- SOURCE DATA -
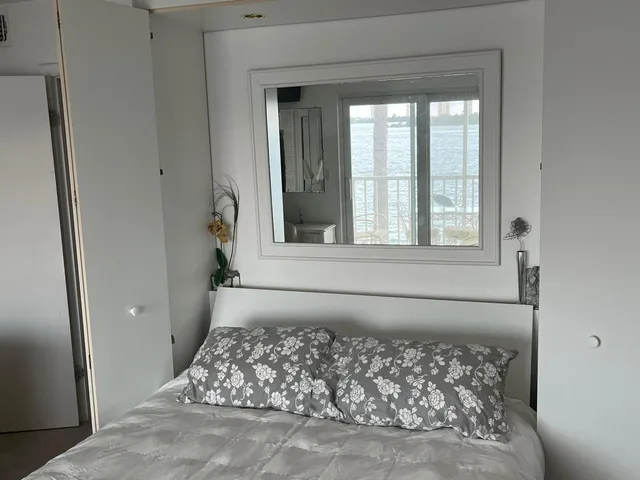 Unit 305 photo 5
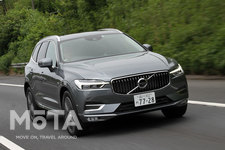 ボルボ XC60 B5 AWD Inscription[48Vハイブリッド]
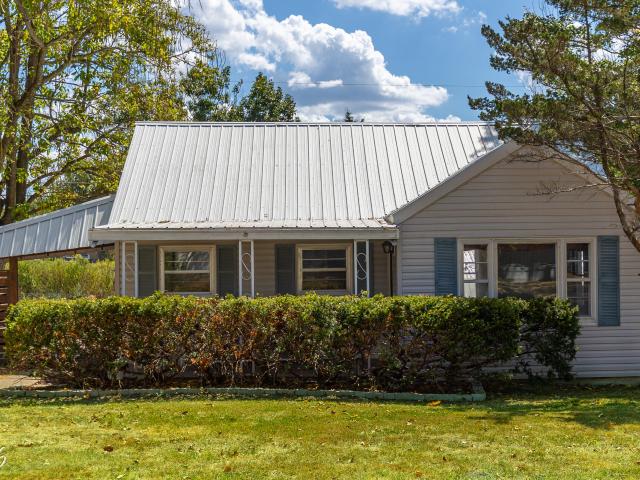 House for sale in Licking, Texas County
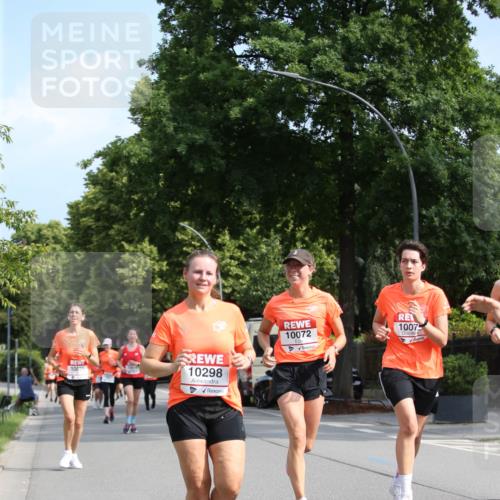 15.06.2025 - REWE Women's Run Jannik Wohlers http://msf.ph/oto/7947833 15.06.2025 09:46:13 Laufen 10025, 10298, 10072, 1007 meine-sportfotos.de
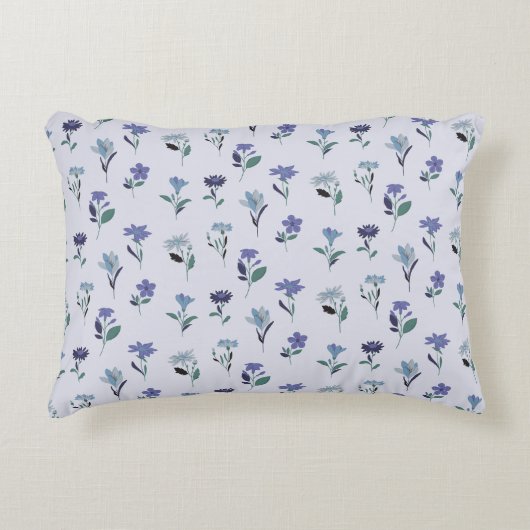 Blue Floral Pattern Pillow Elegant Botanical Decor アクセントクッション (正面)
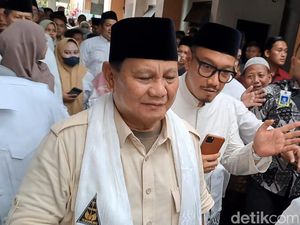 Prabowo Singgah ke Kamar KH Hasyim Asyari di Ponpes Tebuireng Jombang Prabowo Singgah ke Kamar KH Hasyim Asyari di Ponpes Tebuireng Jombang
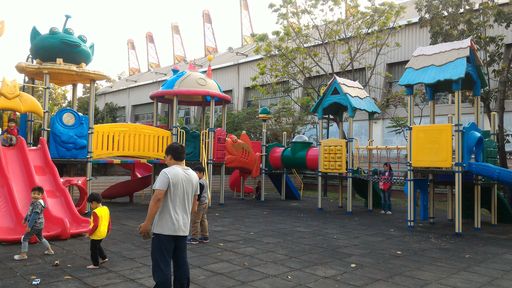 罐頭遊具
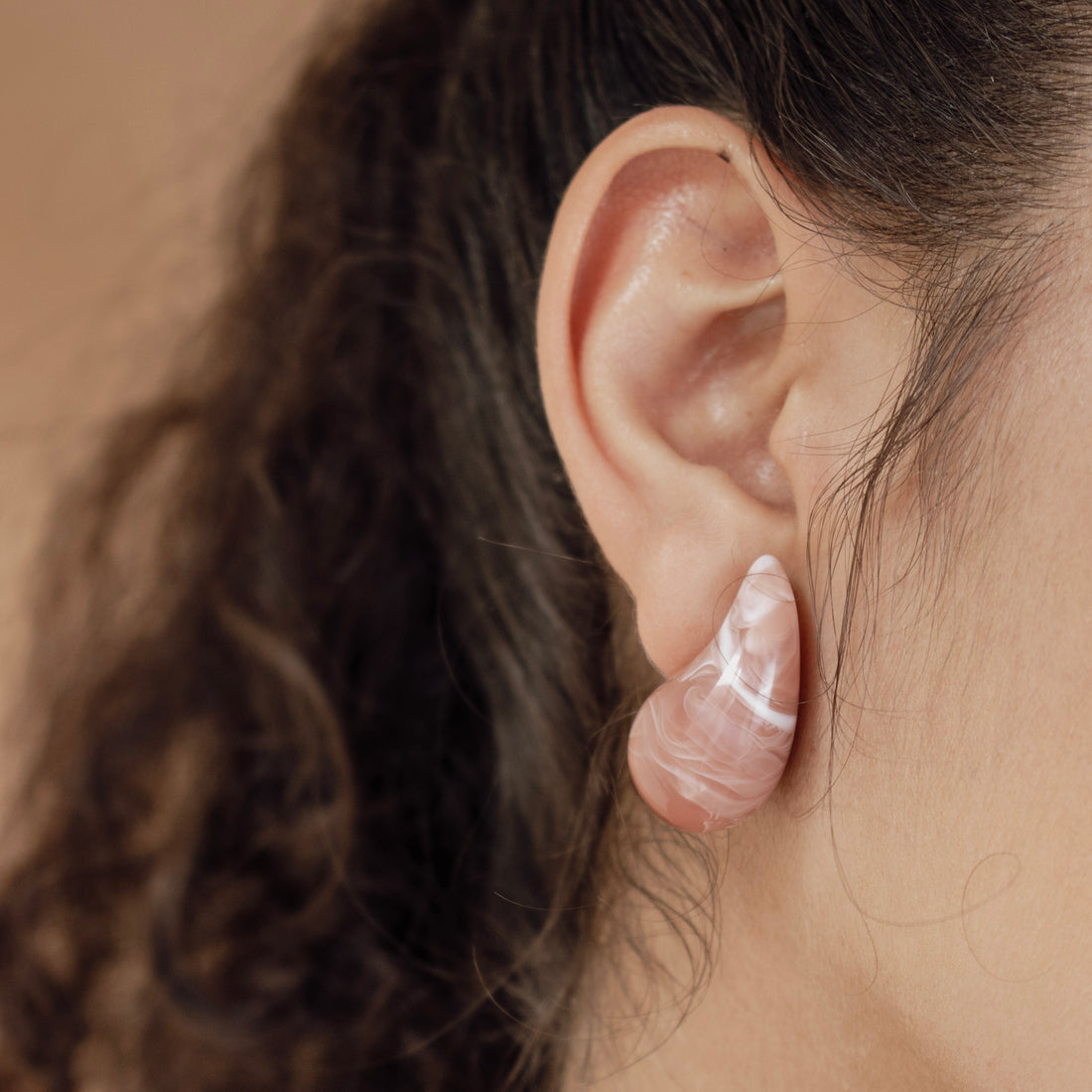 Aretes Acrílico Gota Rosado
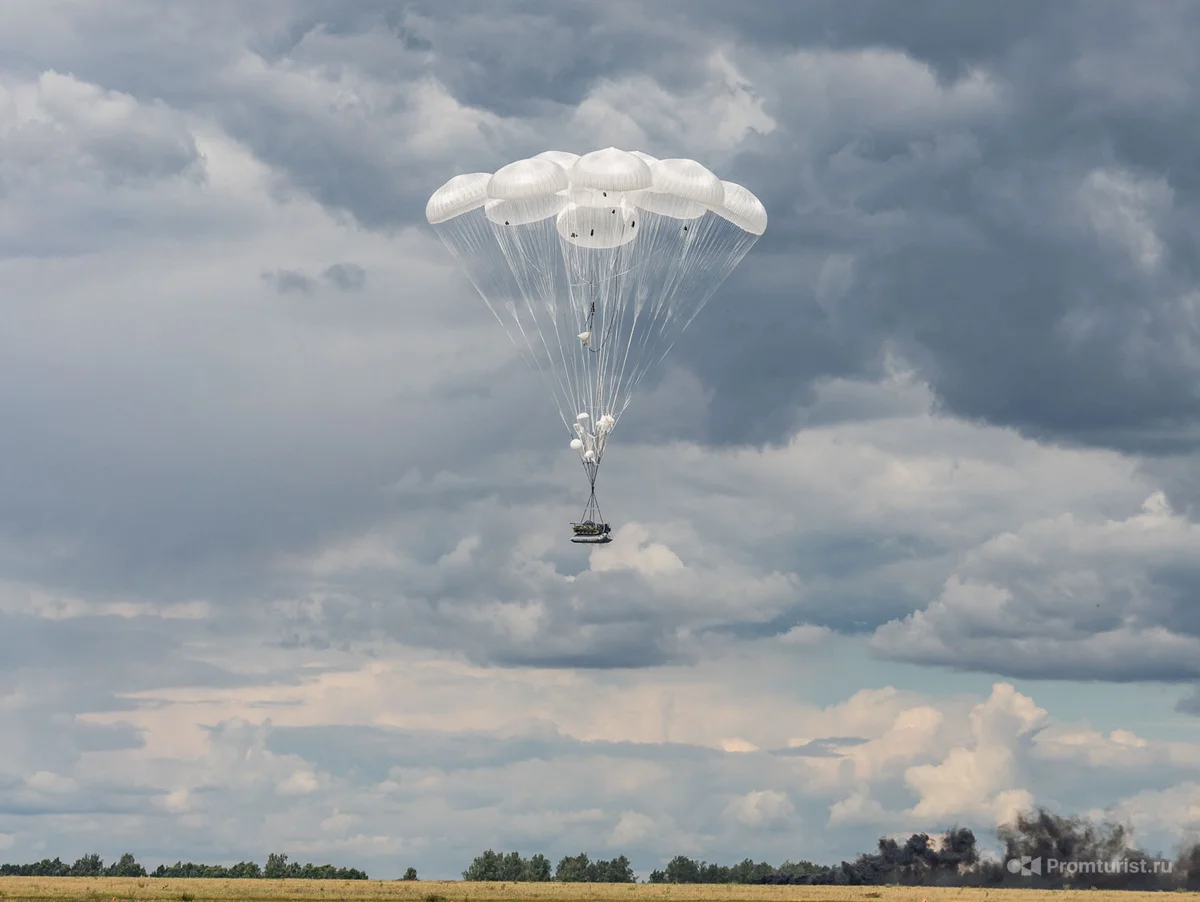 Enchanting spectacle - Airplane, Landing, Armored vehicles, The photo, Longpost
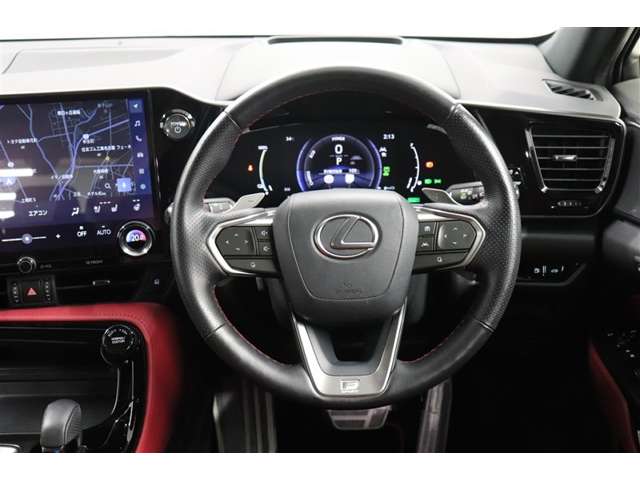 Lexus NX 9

---

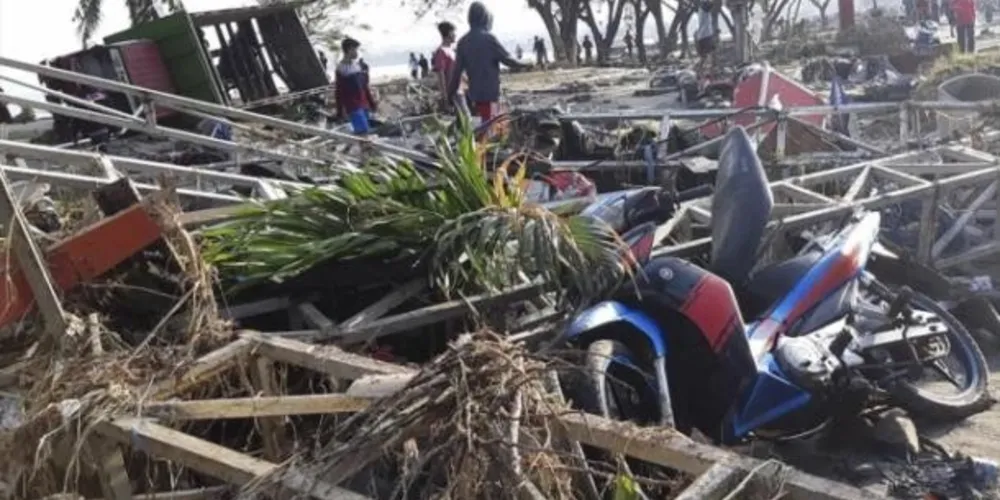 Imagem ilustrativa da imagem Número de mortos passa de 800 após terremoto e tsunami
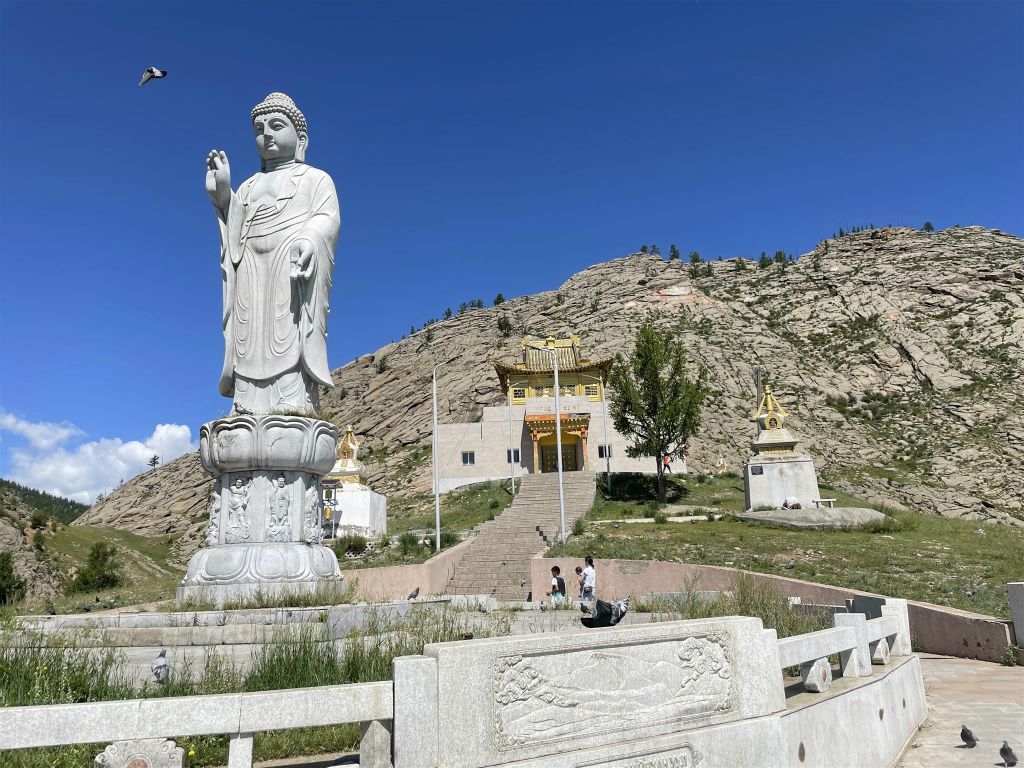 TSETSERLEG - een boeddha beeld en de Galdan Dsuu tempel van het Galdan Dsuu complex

--

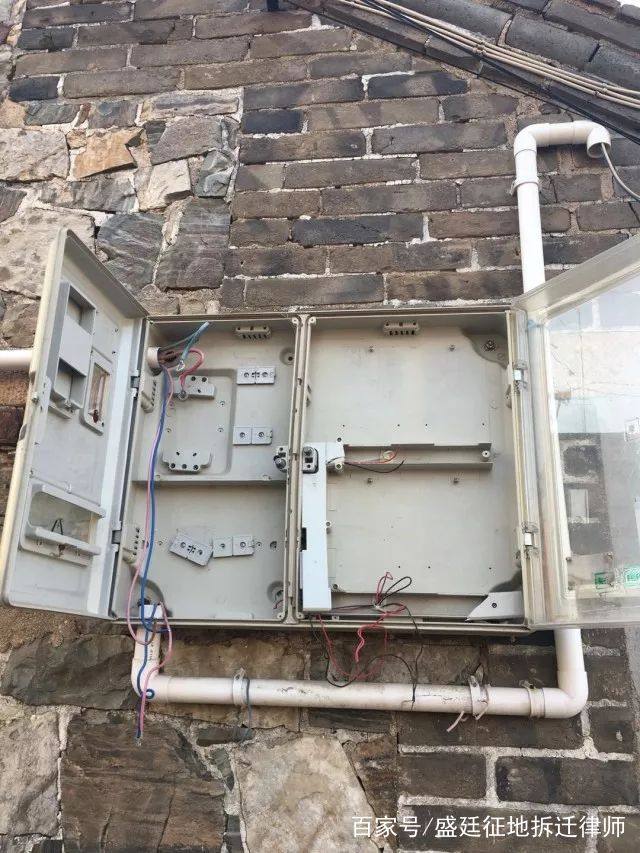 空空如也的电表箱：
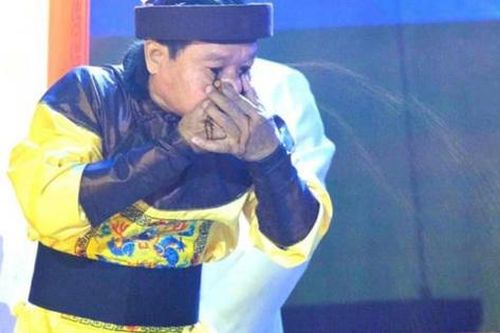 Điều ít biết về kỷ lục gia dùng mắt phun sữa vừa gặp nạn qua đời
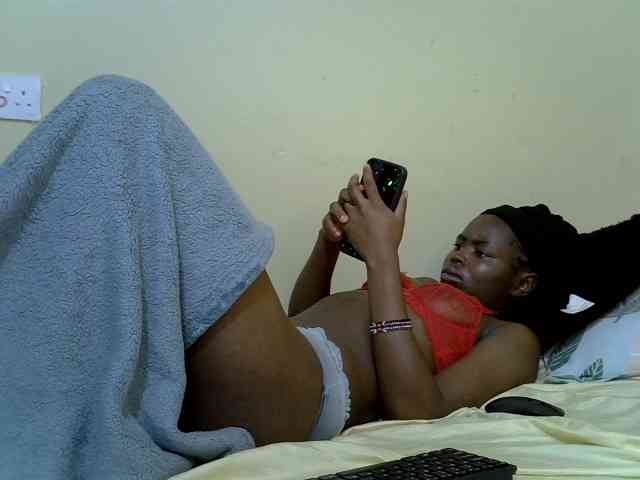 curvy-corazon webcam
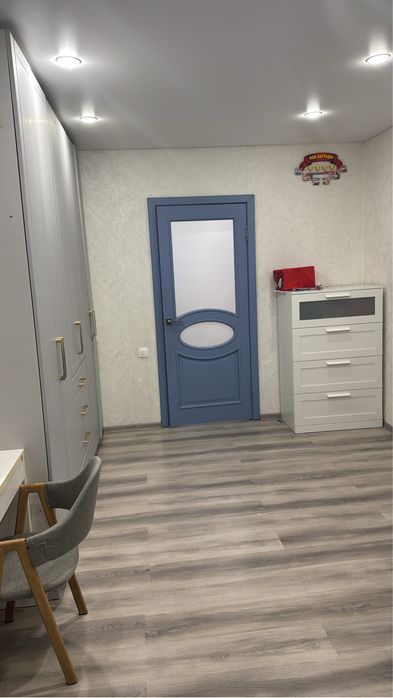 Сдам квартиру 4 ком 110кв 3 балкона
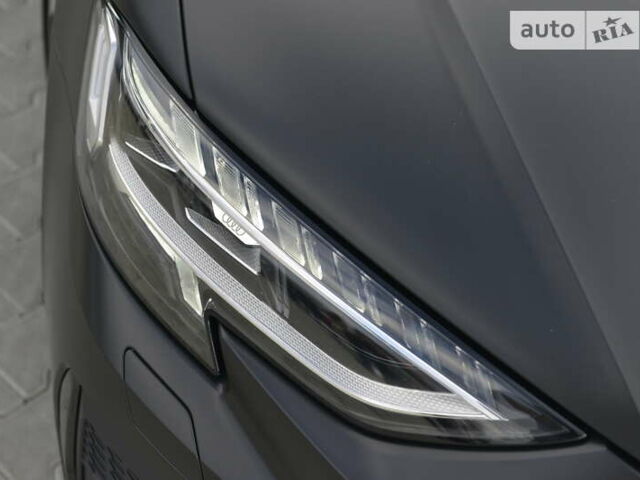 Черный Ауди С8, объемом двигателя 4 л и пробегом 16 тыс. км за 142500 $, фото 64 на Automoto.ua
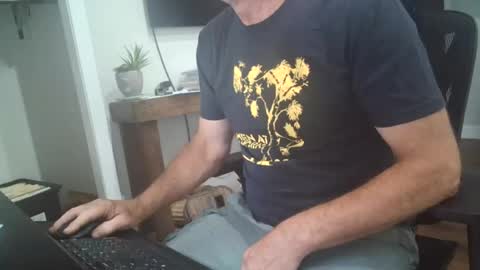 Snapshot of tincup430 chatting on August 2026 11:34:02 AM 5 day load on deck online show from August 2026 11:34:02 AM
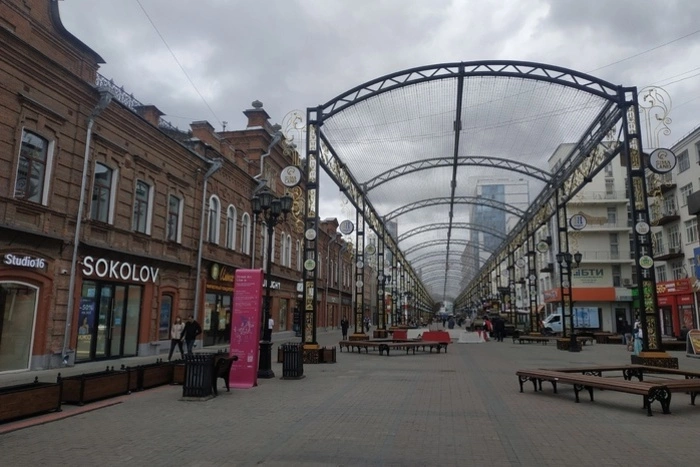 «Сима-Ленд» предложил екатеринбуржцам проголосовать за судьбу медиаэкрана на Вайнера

- EXERCISE OBJECTIVE -
Given the listing above, retype only the span of lines from the line with "15.06.2025 - REWE" up to and including the line with "Aretes Acrílico Gota Rosado", exactly as it stands and without pictures.

- ANSWER TO THIS TASK -
 15.06.2025 - REWE Women's Run Jannik Wohlers http://msf.ph/oto/7947833 15.06.2025 09:46:13 Laufen 10025, 10298, 10072, 1007 meine-sportfotos.de
 Blue Floral Pattern Pillow Elegant Botanical Decor アクセントクッション (正面)
 Prabowo Singgah ke Kamar KH Hasyim Asyari di Ponpes Tebuireng Jombang Prabowo Singgah ke Kamar KH Hasyim Asyari di Ponpes Tebuireng Jombang
 罐頭遊具
 Aretes Acrílico Gota Rosado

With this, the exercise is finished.